PROBLEM TO WORK ON: No pictures, nothing altered: return the data below.

DATA BELOW:
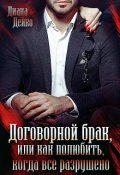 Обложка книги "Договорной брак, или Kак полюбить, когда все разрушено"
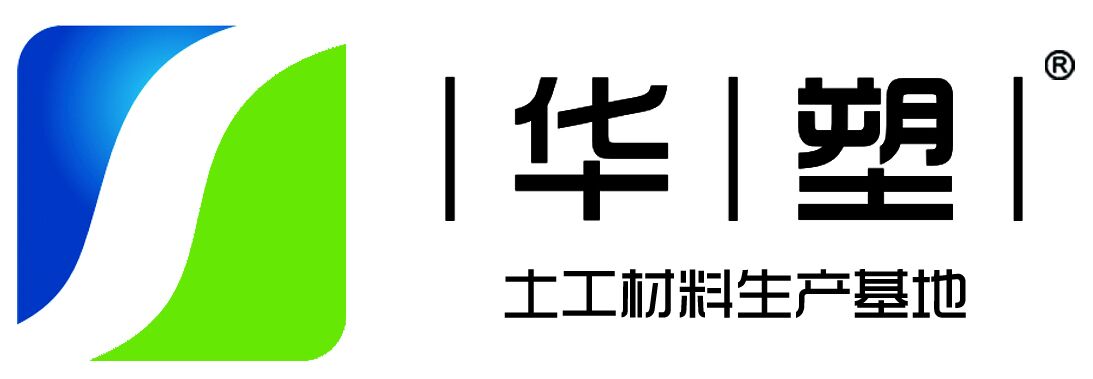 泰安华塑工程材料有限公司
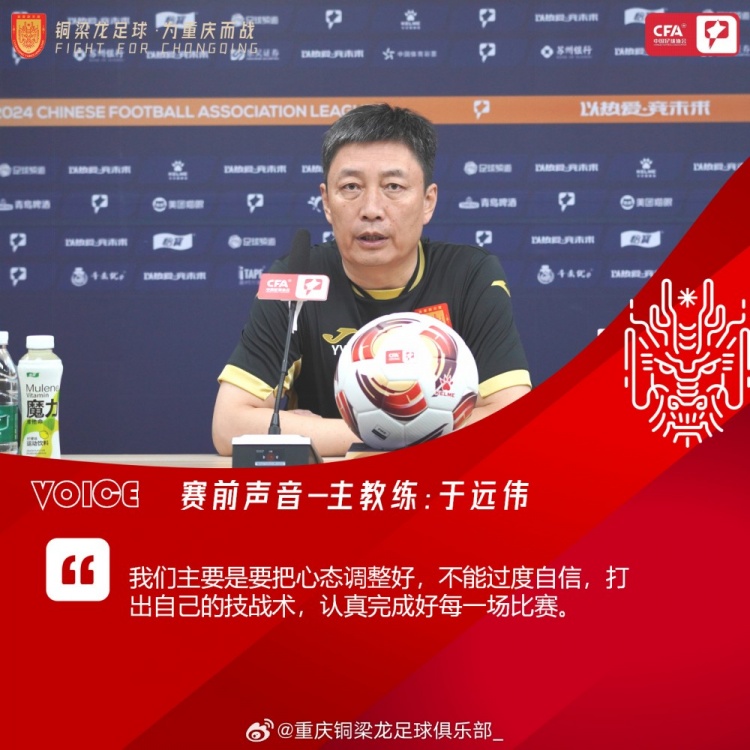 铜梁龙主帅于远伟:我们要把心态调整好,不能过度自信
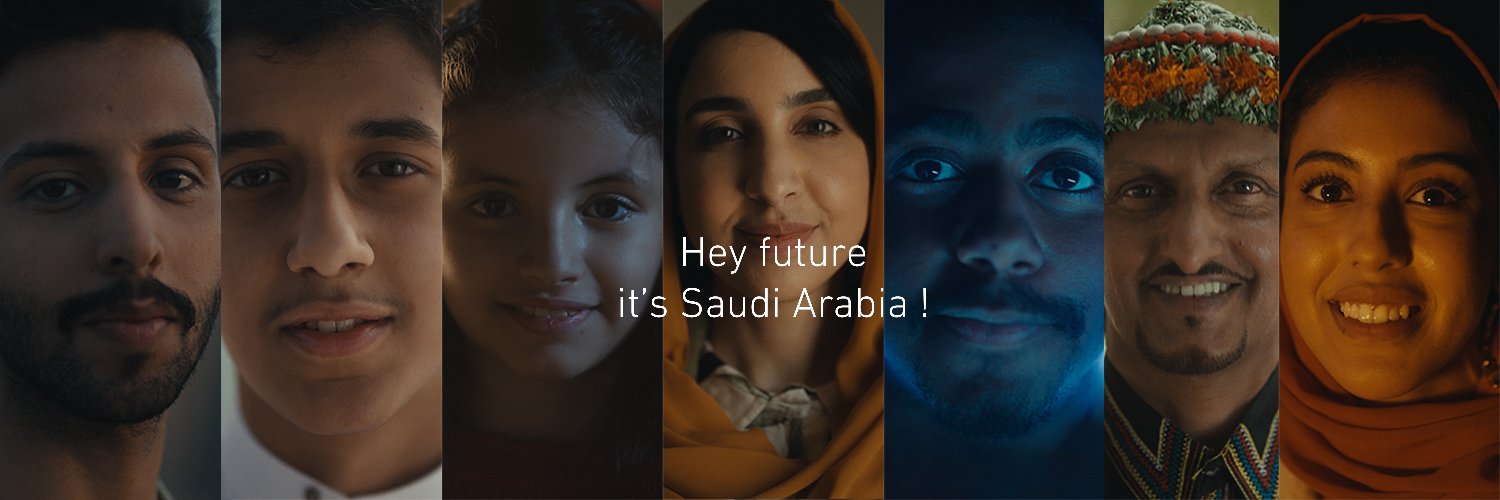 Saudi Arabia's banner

RESPONSE TO THE TASK:
 Обложка книги "Договорной брак, или Kак полюбить, когда все разрушено"
 泰安华塑工程材料有限公司
 铜梁龙主帅于远伟:我们要把心态调整好,不能过度自信
 Saudi Arabia's banner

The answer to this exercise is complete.